Enhancing the accuracy of physics-informed neural networks for indoor airflow simulation with experimental data and Reynolds-averaged Navier–Stokes turbulence model

Abstract

Physics-informed neural network (PINN) has aroused broad interest among fluid simulation researchers in recent years, representing a novel paradigm in this area where governing differential equations are encoded to provide a hybrid physics-based and data-driven deep learning framework. However, the lack of enough validations on more complex flow problems has restricted further development and application of PINN. Our research applies the PINN to simulate a two-dimensional indoor turbulent airflow case to address the issue.

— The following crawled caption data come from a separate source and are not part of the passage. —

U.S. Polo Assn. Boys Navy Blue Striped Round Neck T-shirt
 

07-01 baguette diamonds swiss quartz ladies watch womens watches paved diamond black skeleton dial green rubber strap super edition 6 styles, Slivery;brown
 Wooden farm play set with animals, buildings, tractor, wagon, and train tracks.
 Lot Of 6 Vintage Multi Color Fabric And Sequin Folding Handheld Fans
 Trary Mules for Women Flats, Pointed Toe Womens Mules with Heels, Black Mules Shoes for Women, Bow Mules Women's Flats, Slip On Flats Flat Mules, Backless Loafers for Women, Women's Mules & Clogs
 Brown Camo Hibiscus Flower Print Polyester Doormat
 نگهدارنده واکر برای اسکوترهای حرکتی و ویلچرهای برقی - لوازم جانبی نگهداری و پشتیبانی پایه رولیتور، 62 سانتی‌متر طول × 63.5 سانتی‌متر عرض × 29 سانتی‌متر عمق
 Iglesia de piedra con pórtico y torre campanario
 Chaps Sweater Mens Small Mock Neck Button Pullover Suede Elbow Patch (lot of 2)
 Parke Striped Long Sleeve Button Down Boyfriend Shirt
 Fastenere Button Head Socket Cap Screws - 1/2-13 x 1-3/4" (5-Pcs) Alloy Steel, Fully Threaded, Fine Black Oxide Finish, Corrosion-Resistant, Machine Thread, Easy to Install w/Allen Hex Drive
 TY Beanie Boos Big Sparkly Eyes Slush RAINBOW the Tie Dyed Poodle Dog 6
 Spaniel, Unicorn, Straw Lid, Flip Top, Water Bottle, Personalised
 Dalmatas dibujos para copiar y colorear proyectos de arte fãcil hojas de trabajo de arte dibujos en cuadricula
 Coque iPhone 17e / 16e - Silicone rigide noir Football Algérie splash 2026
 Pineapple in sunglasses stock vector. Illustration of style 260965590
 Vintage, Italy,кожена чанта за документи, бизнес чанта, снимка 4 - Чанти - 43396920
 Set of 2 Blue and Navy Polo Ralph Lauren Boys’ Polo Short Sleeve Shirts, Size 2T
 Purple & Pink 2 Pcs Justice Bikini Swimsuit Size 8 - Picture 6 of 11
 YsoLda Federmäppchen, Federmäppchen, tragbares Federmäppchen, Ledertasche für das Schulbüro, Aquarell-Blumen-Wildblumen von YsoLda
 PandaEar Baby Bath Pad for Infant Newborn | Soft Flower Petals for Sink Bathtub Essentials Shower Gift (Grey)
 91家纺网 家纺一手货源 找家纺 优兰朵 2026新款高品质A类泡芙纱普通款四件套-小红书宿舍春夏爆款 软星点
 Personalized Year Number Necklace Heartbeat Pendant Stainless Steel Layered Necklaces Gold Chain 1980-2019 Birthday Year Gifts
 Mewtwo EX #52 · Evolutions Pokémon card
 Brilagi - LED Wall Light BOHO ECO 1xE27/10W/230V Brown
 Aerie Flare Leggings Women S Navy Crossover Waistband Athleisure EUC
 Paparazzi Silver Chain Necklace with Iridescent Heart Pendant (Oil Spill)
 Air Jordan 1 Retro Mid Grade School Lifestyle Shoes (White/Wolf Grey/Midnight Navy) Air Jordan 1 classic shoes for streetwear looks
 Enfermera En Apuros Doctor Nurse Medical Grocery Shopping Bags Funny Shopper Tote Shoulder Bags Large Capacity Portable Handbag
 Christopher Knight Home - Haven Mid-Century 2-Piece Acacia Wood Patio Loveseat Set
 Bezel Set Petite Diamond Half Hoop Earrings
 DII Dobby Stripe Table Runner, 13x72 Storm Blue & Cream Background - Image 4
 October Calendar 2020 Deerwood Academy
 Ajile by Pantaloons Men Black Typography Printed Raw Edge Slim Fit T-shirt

Although it is still quite challenging for the PINN to reach an ideal accuracy for the problem through a single purely physics-driven training, our research finds that the PINN prediction accuracy can be significantly improved by exploiting its ability to assimilate high-fidelity data during training, by which the prediction accuracy of PINN is enhanced by 53.2% for pressure, 34.6% for horizontal velocity, and 40.4% for vertical velocity, respectively. Meanwhile, the influence of data points number is also studied, which suggests a balance between prediction accuracy and data acquisition cost can be reached. Last but not least, applying Reynolds-averaged Navier–Stokes (RANS) equations and turbulence model has also been proved to improve prediction accuracy remarkably. After embedding the standard k–ε model to the PINN, the prediction accuracy was enhanced by 82.9% for pressure, 59.4% for horizontal velocity, and 70.5% for vertical velocity, respectively. These results suggest a promising step toward applications of PINN to more complex flow configurations.